Poi lei, appena l’età lo aveva reso possibile, si era trasferita a Roma e nel giro di poco tempo avevano iniziato a vivere insieme; definì quegli anni straordinari, ricchi di tutto quello che due ragazzi potevano desiderare.
Amedeo teneva lo sguardo abbassato, sentendosi terribilmente oppresso. Ludger piangeva senza suono.
Si soffiò il naso, per poi concludere. “Hai presente le fiabe, quelle che non esistono… forse sarebbe più appropriato dire i sogni, quelli belli che non ti sveglieresti mai. Io l’ho vissuto, esisteva. Mi sono svegliato… e ho cercato di dormire ancora.”
Amedeo non volendo restare in silenzio cercò qualcosa da dire guardando il verde dell’erba, sentendosi inadeguato. “Ti prego, non scusarti di niente… non so cosa dire e non voglio dire banalità… cerco di resistere all’impulso di scusarmi anch’io per avertelo chiesto, ma è insensato. Non so come gestire queste cose… ma ho la sensazione che se ti scusi rovini qualcosa.”
Lo sguardo di Ludger lo mise in difficoltà; si detestava per il rossore che sentiva salirgli alle guance come per il senso di inadeguatezza. Continuò a guardare l’erba vicino ai suoi piedi quasi con odio. Ludger vedendolo così in difficoltà sorrise: gli sembrava un bambino, ed era sempre più dispiaciuto per la sua amebite perché, ogni volta che il suo viso manifestava un’emozione, lo trovava più interessante, bello addirittura.
“Non mi sembra che tu abbia grandi difficoltà con me… sei l’unica persona con cui riesco a parlare senza sbroccare. E sai? Hai ragione, evitiamo le scuse perché non servono e rovinano qualcosa.”

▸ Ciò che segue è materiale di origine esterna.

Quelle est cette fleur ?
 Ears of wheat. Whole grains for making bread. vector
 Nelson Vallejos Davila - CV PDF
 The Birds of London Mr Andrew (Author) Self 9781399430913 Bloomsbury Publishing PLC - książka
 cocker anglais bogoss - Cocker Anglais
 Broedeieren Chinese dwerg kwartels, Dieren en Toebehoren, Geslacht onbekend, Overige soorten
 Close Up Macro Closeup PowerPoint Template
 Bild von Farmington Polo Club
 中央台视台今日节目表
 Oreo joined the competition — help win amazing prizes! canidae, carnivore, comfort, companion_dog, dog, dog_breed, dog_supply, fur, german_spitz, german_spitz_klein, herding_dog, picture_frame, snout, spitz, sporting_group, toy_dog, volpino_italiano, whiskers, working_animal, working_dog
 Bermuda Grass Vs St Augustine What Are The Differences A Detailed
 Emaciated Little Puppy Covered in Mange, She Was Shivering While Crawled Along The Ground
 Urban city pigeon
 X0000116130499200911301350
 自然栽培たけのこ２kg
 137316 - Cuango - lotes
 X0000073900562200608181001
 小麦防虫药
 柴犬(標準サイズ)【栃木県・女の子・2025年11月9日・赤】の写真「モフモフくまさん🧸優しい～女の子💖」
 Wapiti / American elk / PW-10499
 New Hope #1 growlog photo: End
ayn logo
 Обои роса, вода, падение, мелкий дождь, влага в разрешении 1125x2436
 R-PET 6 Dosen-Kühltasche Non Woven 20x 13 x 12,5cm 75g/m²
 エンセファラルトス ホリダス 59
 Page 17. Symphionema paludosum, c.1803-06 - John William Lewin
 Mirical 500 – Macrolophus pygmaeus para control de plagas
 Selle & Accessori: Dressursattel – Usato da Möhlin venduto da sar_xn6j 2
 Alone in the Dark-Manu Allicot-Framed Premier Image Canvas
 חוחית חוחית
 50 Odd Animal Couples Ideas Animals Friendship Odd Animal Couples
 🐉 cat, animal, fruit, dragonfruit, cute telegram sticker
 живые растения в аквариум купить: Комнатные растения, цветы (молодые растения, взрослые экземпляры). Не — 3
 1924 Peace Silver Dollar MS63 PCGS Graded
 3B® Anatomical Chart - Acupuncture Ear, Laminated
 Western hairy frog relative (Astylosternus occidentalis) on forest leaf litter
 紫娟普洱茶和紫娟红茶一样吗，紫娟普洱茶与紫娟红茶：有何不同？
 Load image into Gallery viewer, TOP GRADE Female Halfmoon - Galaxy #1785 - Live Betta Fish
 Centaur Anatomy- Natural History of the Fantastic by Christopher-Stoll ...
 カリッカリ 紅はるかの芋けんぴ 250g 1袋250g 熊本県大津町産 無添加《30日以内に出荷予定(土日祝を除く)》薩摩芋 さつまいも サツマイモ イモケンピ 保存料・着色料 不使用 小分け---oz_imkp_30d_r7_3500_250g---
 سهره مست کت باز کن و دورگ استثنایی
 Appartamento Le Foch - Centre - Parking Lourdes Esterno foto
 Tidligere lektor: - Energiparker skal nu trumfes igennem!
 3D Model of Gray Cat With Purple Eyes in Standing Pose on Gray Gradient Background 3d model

A ogni incontro Amedeo aveva l’impressione di seguire una sequenza temporale casuale che assecondava dinamiche imprevedibili. Questa incertezza lo aiutava ogni giorno e ne era stupito, perché detestava non essere ‘preparato’ a quello che lo aspettava, con pochissime eccezioni: le paturnie e Sebastiano. Elisa era costantemente impegnata a rendergli prevedibile ogni sua mossa lasciando i soliti post-it sulla porta, sapendo che per lui sarebbero stati un grande aiuto.
A volte aveva l’impressione che Ludger, in quei pomeriggi silenziosi, lo guardasse con una nota di fastidio o addirittura con ostilità. Erano impressioni passeggere a cui cercava di non dare peso.
“Sai, a volte penso che riesco a parlare con te… solo perchè per me è un gioco… senza importanza.”
Sentendosi ferito reagì senza pensare, chiedendo con un tono duro. “Ludger, tu cos’è che vuoi, adesso, in questo preciso istante, mentre giochi con me? Non posso credere che giocando tu ti stia ‘preparando a partire’… cos’è che vuoi?”
Gli rispose senza guardarlo negli occhi, prima di sprofondare definitivamente nel silenzio.
“Perdermi… perdermi completamente… o almeno ubriacarmi, fare sesso. Non credo tu possa aiutarmi, vero?”